細かい技術は必要ない!とにかく力いっぱい動かせ!

ナッペ作業やスポンジの仕込みなどは、細やかな技術や経験、そしてセンスが必要です。しかしカスタード炊きの場合は材料をダマにならないように配合させたら、あとは全開の火力で一気に混ぜ合わせるのみ! ただし、一度火にかけたらもう二度と止めることはできません。どんなに熱くてもどんなに腕がつらくなっても、たとえ火傷をしようと泣きそうになろうと、とにかく焦がさないようになめらかになるまで炊き続けないといけないのです。鍋の前に置いた点火棒が熱で爆発し眉毛を焦がしながらも、カスタードをかき混ぜる手はけして止めなかったという武勇伝を持つパティシエもいるほど!
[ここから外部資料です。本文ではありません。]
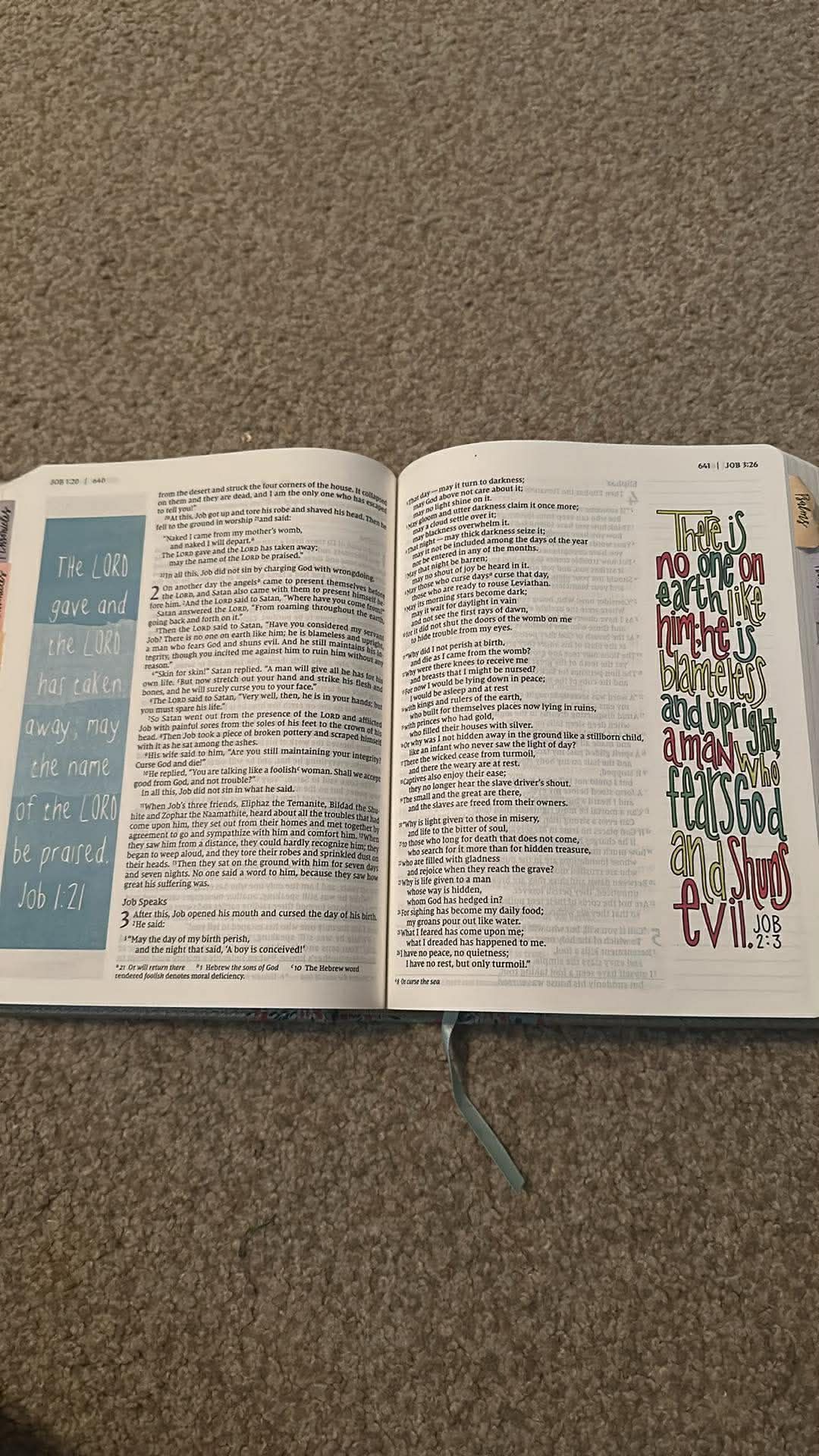 Beautiful Word Bible (NIV)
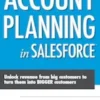 Account Planning in Salesforce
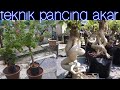 TIPS BESARKAN AKAR BUNGA KERTAS | BOUGAINVILLEA SUPAYA JADI BONSAI YANG MANTAP!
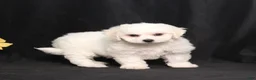 Bichon Frise dogs for sale: Luke - Ad 4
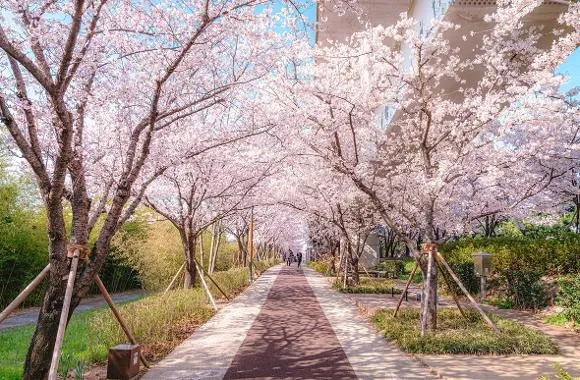 부산 벚꽃 명소 추천 숨겨진 뷰포인트_1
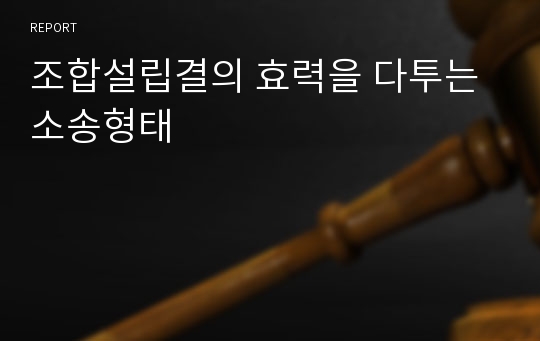 조합설립결의 효력을 다투는 소송형태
とにかく量が半端じゃない!材料も道具もケタ違いのプロの現場

新人パティシエが、カスタード炊きの行程でまず驚くのがその膨大な量!今まで手鍋で少量ずつ作っていたものが、小さな赤ん坊がすっぽり入ってしまうような大きなサイズの鍋を使い、一度に10本以上の牛乳を注いで、まるでお風呂のような状態になる事もあるのです。 繁忙期ともなれば、この膨大な量のカスタードを1日に何度も炊き上げることもしばしば。新人同士、「誰が今日は担当するのか」とついつい押し付け合いたくなる気持ちも納得です。

「見きわめ」ができるようになると、成長した証

日々カスタード炊きを続けていると、自然にレシピを記憶し材料を計量しながら作業を進めるなど手際がどんどん良くなり、短時間で仕込みが終えられるようになります。そして、それまで先輩の指導のもとで行っていた作業が、ふとした瞬間自分の目で炊きあがりを “見きわめ” られるようになるのです。 液体だったものが少しずつ固まり始め、さらに混ぜ続けることで徐々に滑らかになりツヤが出はじめ、「よし!もうあげろ!」という先輩のその声と自分のタイミングが一致した時、いつの間にか “体が覚えた” という手応えを感じて嬉しくなるのです。これはもう理屈ではありません! 『クレーム・パティシエール』は『パティシエ』の語源になったとも言われています。シンプルだからこそ奥が深く難しく、そしてごまかしのきかない作業です。 甘いクリームなのに甘くない、新人パティシエに洋菓子の厳しさを教えてくれるクリーム。ベテランになるとなかなか炊き上げる機会事が少なくなりますが、時々初心に却ってカスタードを炊いてみるのも必要なことかもしれませんね。